### [What to produce]
Give back the whole listing exactly as written, leaving out each picture.

### [Dataset excerpt]
□ □ □
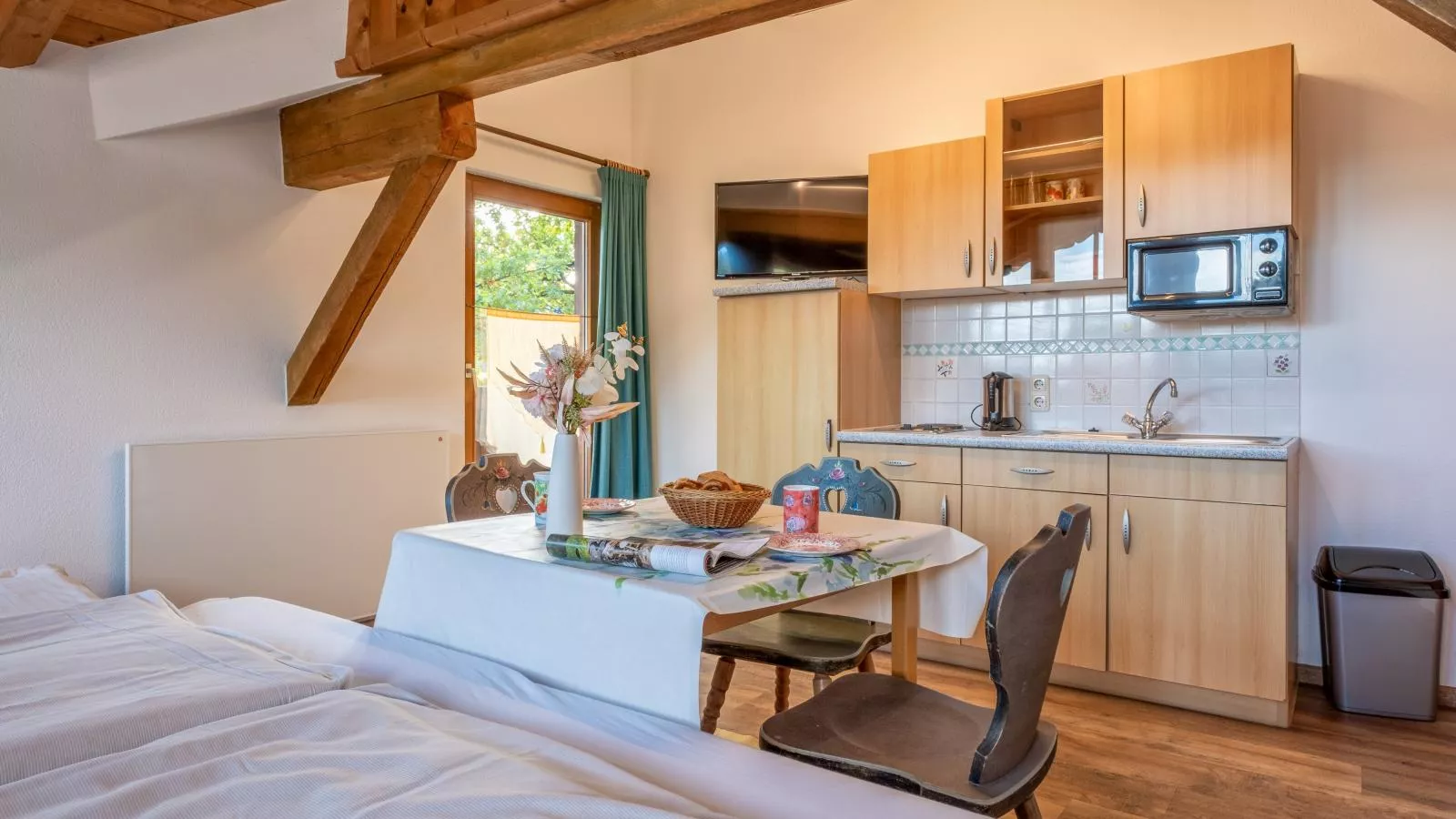 Appartementkombination Brixnerwirt III und IV-Indoor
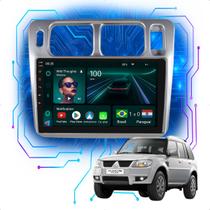 Kit Multimídia Android 9p Pajero Tr4 2001-2015 4GB+64GB GPS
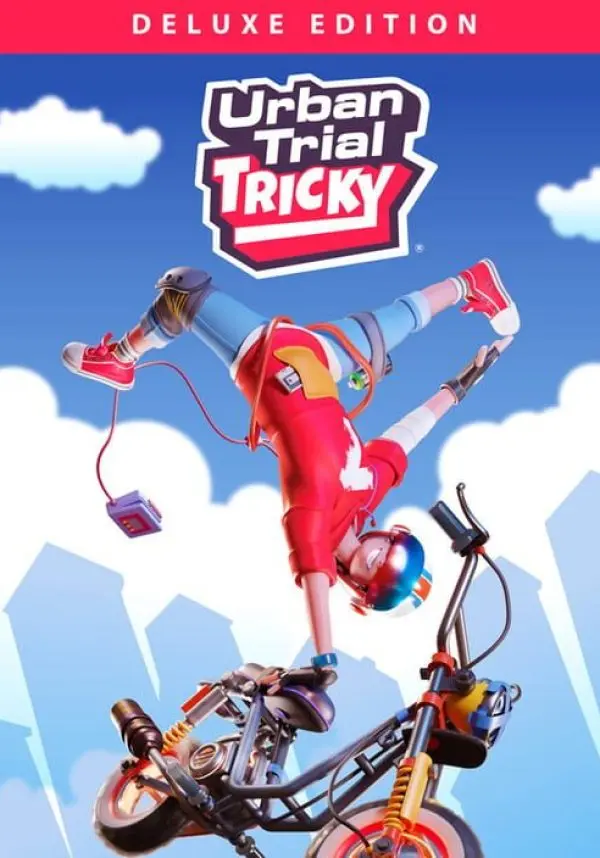 Купить Urban Trial Tricky - Deluxe Edition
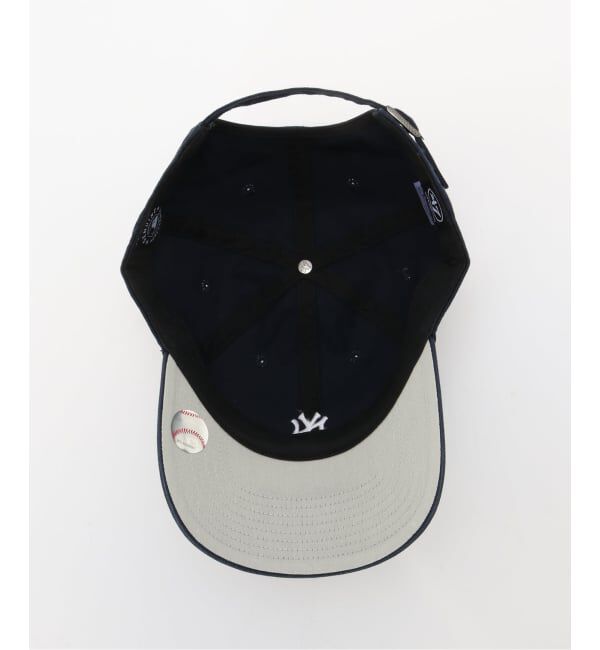 Spick and Span「《WEB限定》'47 / フォーティーセブン A B-BSRNR17GWS-NY」|キャップ・キャスケット|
□ □ □
### [Reply]
 Appartementkombination Brixnerwirt III und IV-Indoor
 Kit Multimídia Android 9p Pajero Tr4 2001-2015 4GB+64GB GPS
 Купить Urban Trial Tricky - Deluxe Edition
 Spick and Span「《WEB限定》'47 / フォーティーセブン A B-BSRNR17GWS-NY」|キャップ・キャスケット|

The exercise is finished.